A group of 11 conservative lawmakers in Texas want Gov. Greg Abbott, a fellow Republican, to help scale back a state law that gives him the authority to close businesses and require masks in public.

Under the Texas Disaster Act of 1975, the governor is given broad powers during an emergency. As a result, many of the statewide orders and mandates have been issued almost unilaterally by Abbott, creating tension with conservatives.

"Although many legislators, and even our own caucus, have criticized some of the actions you have taken during the COVID-19 pandemic, we know that you have undertaken each and every decision with painstaking care," the Texas Freedom Caucus wrote Thursday in a letter to Abbott.

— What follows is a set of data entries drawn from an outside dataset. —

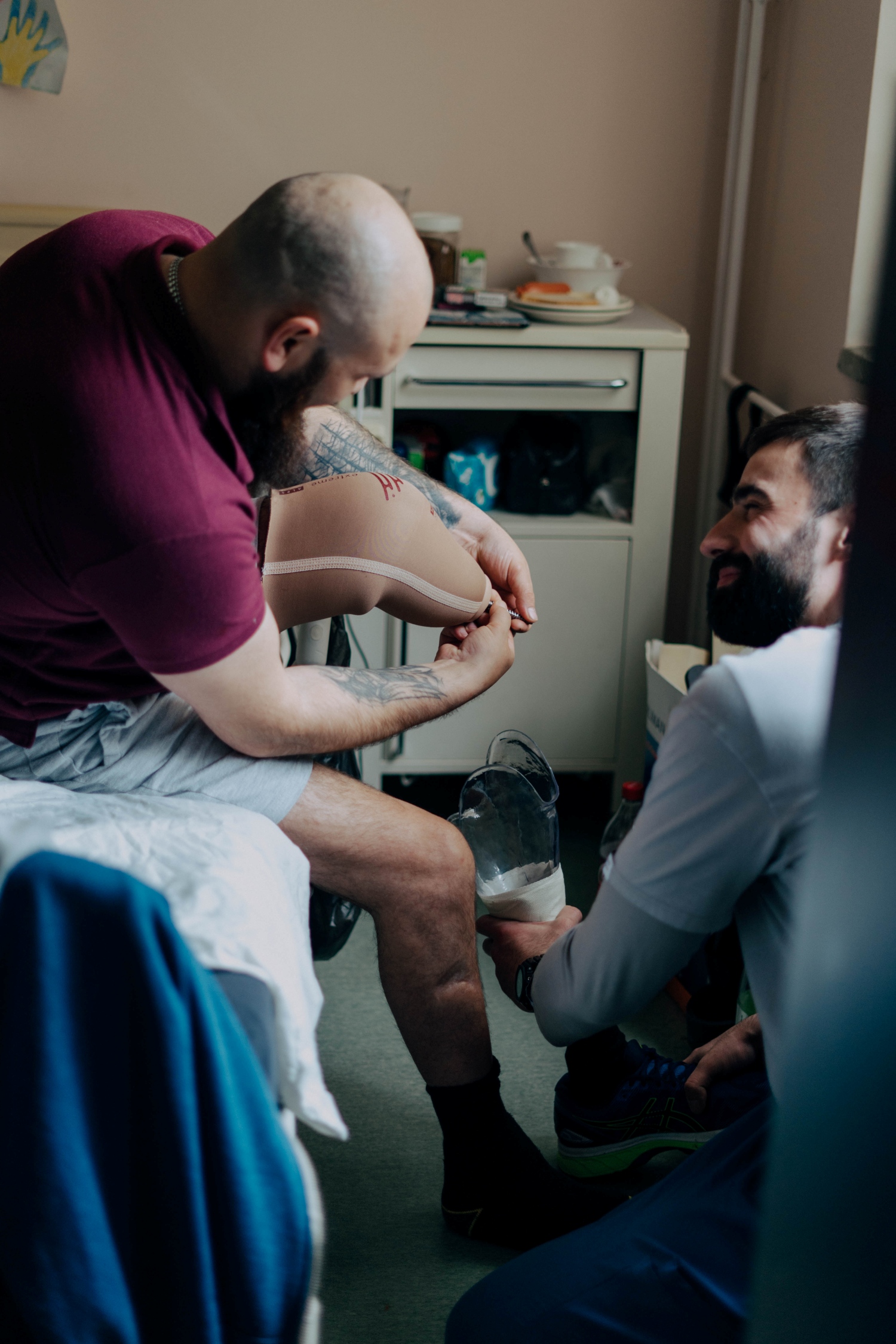 A healthcare worker helps a patient put on their prosthesis (Photo: Patients of Ukraine)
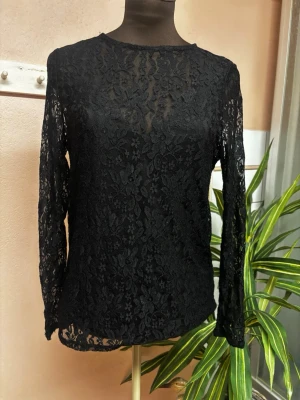 Svart spetsblus med lång ärm - Säljer en svart blus i genombruten spets med blommigt mönster. Blusen har lång ärm och rund halsringning. Perfekt för dig som vill ha en elegant och trendig topp med transparent känsla.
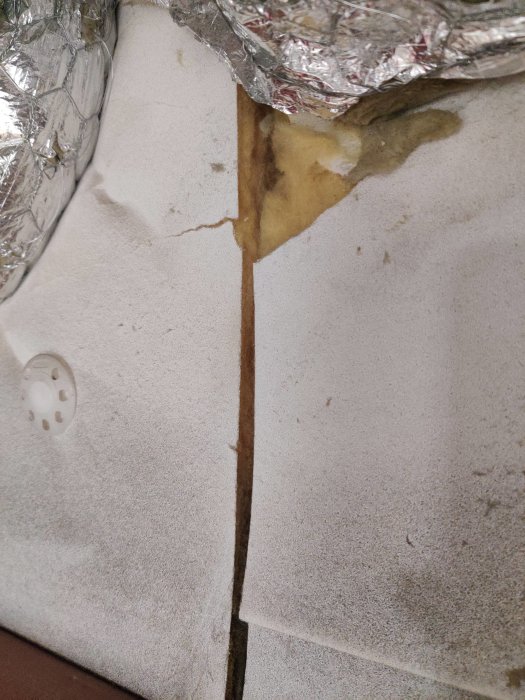 Glas/mineralullsisolering med vitt ytskikt i garage och synlig skada/genomföring.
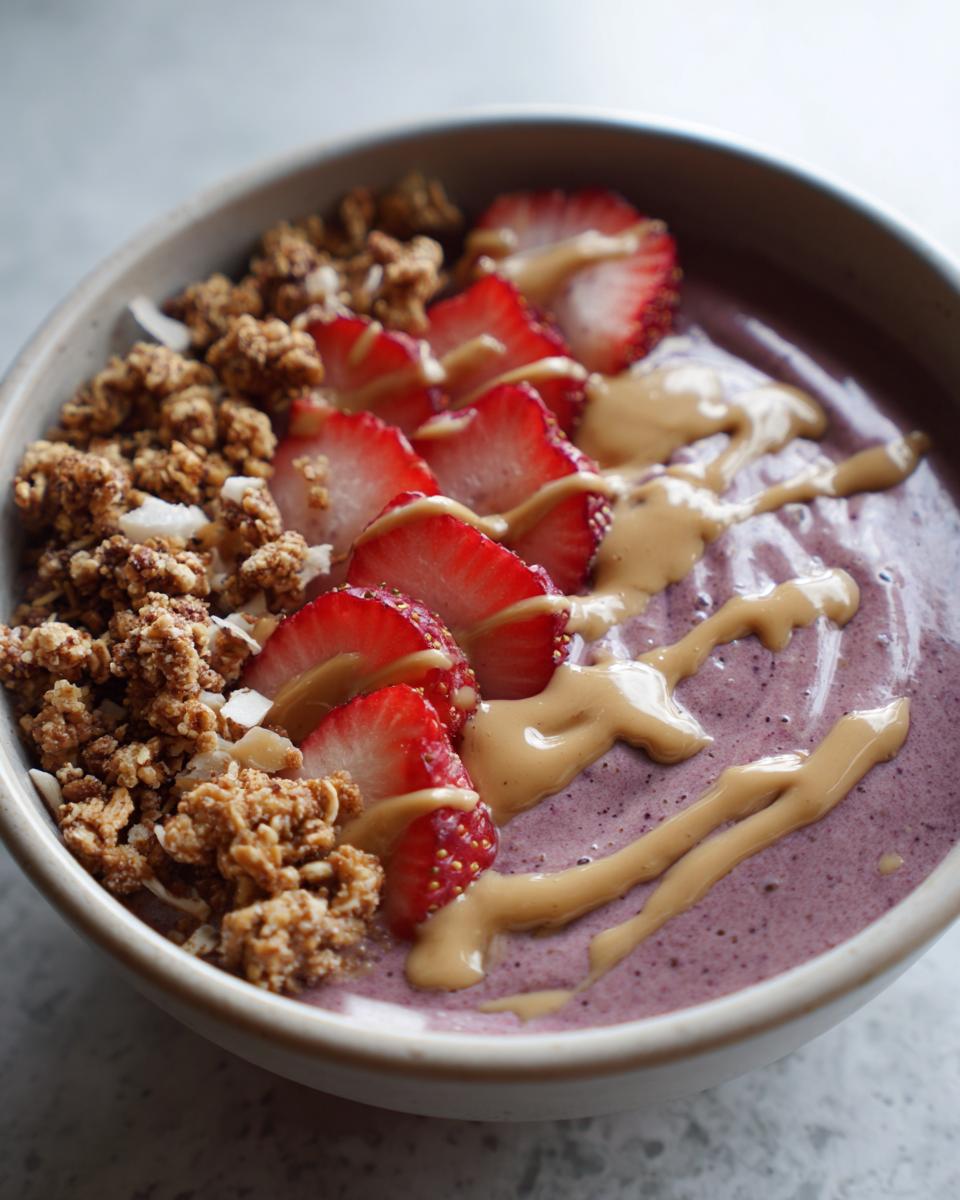 A vibrant high protein smoothie bowl topped with fresh strawberries, crunchy granola, and a drizzle of peanut butter.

"Regardless, the fact remains that the effects of these orders have caused families across the state to take massive financial hits, and in many cases caused businesses to permanently close their doors," they added.

Texas was one of the first states to begin to reopen its economy amid the pandemic and has since become one of the states hit the hardest by the resurgence of the virus. The state has broken its record for daily number of new COVID-19 cases multiple times, most recently on Tuesday when it reported 10,028 new cases.

The spike prompted Abbott to reshutter all bars in the state and require masks in public. The Texas Freedom Caucus noted in its letter that Abbott has issued nearly two dozen executive orders during the pandemic.

The conservative group wants Abbott to prioritize reforming the 1975 law when the state legislature reconvenes next year.

One of the changes proposed by the freedom caucus is that the governor must call a special session of the legislature if a crisis like the pandemic lasts an extended period of time. Another proposal would prohibit state agencies from revoking business licenses due to a disaster declaration.

More than 230,000 in Texas have tested positive for the virus during the pandemic and more than 3,000 have died.